Iran had one of the best air safety records before the 1979 Islamic revolution, but it has suffered a number of major air accidents over the past decade, most involving Russian-made planes. A Western embargo banning the sales of new planes and parts, together with growing demand for air travel from a burgeoning population, forced Iran to look to Russia and the ex-Soviet republics for planes and air crew.

A senior aviation official announced on 11 July 2013 that Iran was designing a passenger jet which can accommodate 150 passengers. One published conceptual design for this aircraft featured 28 rows of 6-abrest seating, for 168 seats. The Iranian Armed Forces Aviation Industries Organization, Iranian Aircraft Manufacturing Company, Sharif University of Technology, Amir Kabir University of Technology, University of Science and Technology and Isfahan University under the supervision of Iran's Civil Aviation Organization were designing a 150-seater passenger jet, a move which is first not just in the country but also in the Middle-East, Head of Iran's Civil Aviation Organization Hamid Reza Pahlevani said. He explained that the heavy plane will be equipped with a turboprop double-engine capable of competing with all other jets in its class.
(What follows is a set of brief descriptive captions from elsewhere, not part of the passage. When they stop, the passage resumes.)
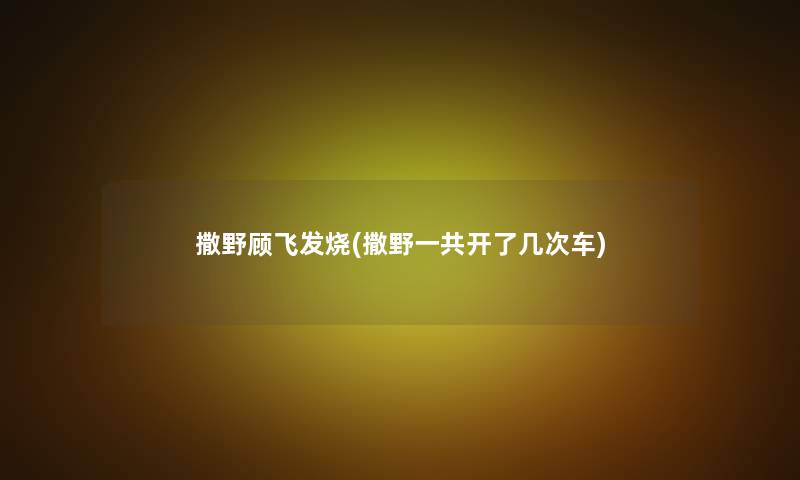 撒野顾飞发烧(撒野一共开了几次车)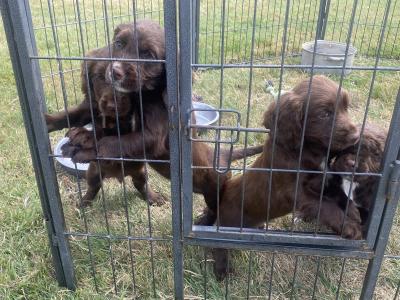 Sprocker puppies in Carlow
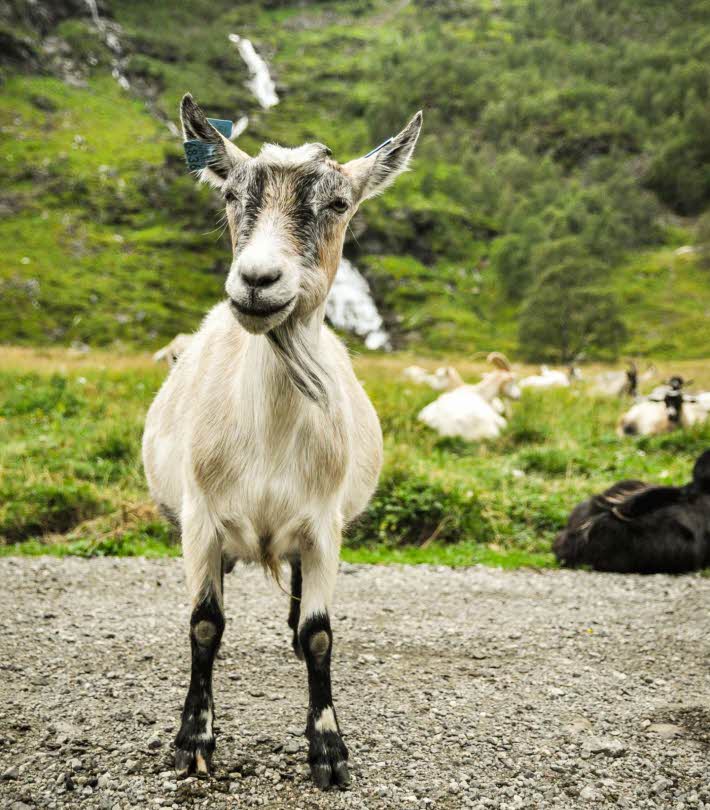 A goat looking surprised at Rallarosa Stølsysteri in Flåmsdalen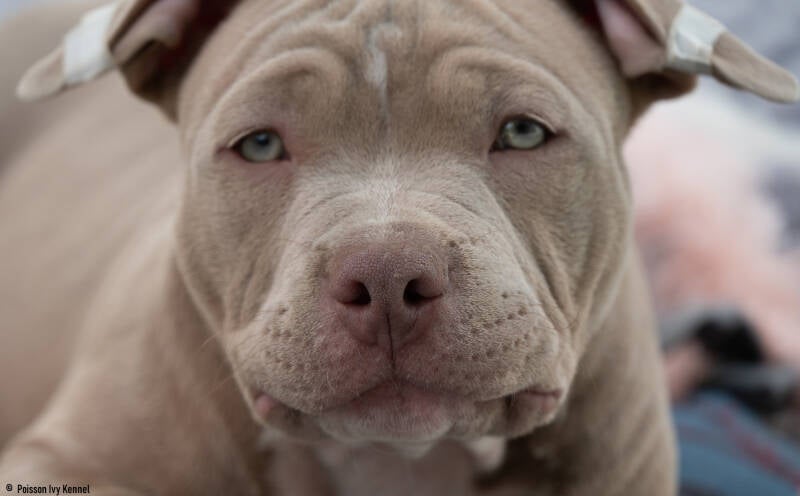 american pocket bully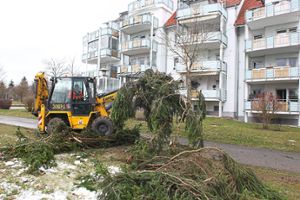 Sturmschäden vor dem Wennerhofareal beseitigen Mitarbeiter des Bauhofs. Foto: Reutter Foto: Schwarzwälder-Bote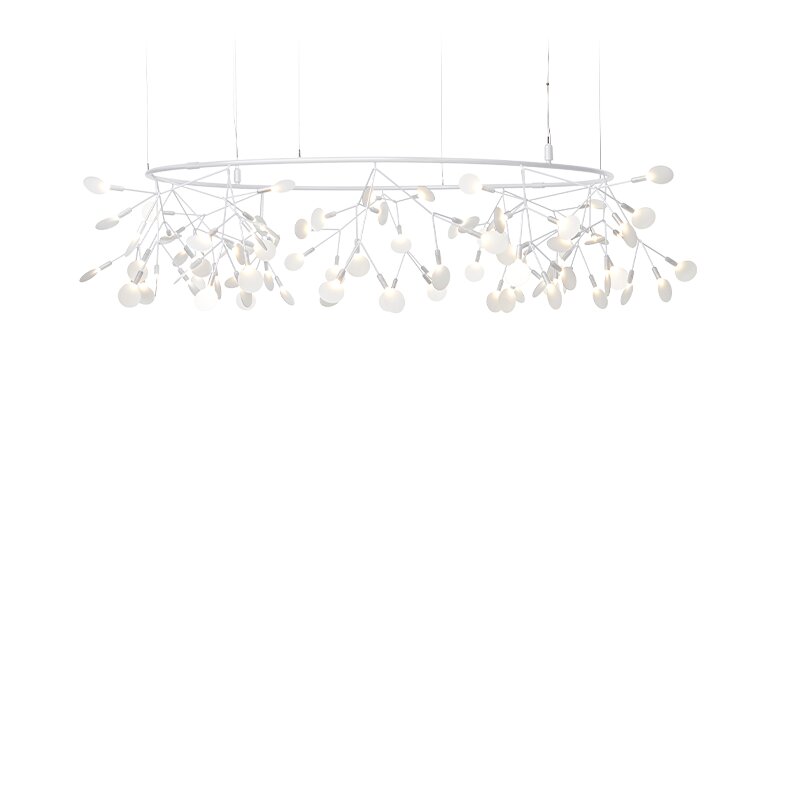 Heracleum III The Big O Small white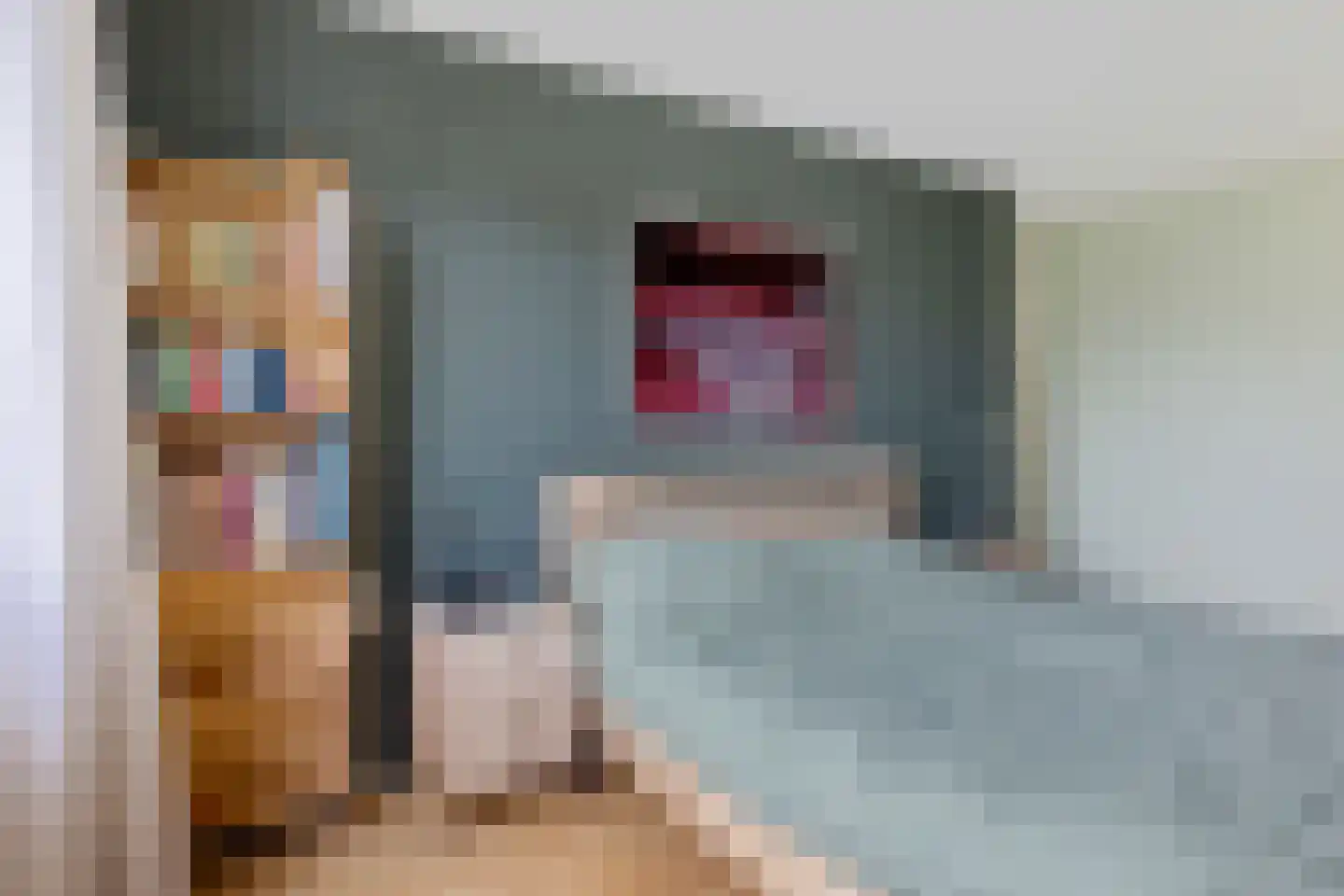 Leerlooierstraat 69 Oss thumbnail 23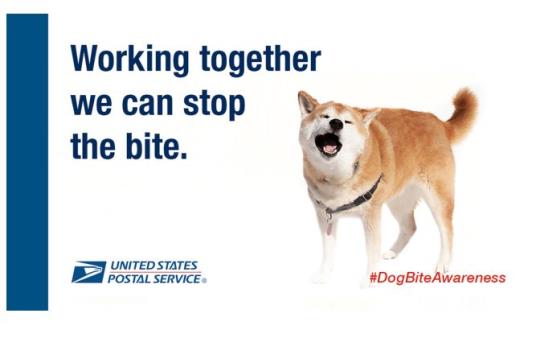 Dog Bite Social Media Card: Working together we can stop the bite. #DogBiteAwareness.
Alireza Jahangirian, head of Civil Aviation Organization (CAO) of Iran, said 13 March 2016 that the conceptual design of 100 to 150-seat passenger aircraft has been accomplished. The CAO head noted that the project marks one of the first national macro projects which was approved by Supreme Council of Science, Research and Technology (SCSRT) in 2012. Our country mostly needs 100 to 150-seat medium-range aircraft, underlined the official asserting the project will be delivered by Iran Aviation Industries Organization (IAIO) as well as the Defense Ministry of Iran.

Jahangiri stressed that the first phase comprised of conceptual design of the aircraft saying phase one was undertaken by Amirkabir and Isfahan Universities of Technology, Iran University of Science and Technology as well as Fars Science and Technology Park." Each institute worked on one part of the project comprising of body design and aircraft systems, engine design, avionic system design, parts of cargo and structure of the passenger aircraft, he underlined. In view of the nuclear negotiations and deal, we could move towards conducting international partnership for the implementation of the project, he continued.

Jahangiri pointed to Irans readiness with regard to transfer of the planes technology reiterating we are prepared to negotiate with foreign companies interested in selling aircraft to Iran; we are capable of managing the research and development aspect of the designed plane. So far, talks have been conducted with two European and North American countries, maintained the official voicing hope that the negotiations will lead to airplane purchase.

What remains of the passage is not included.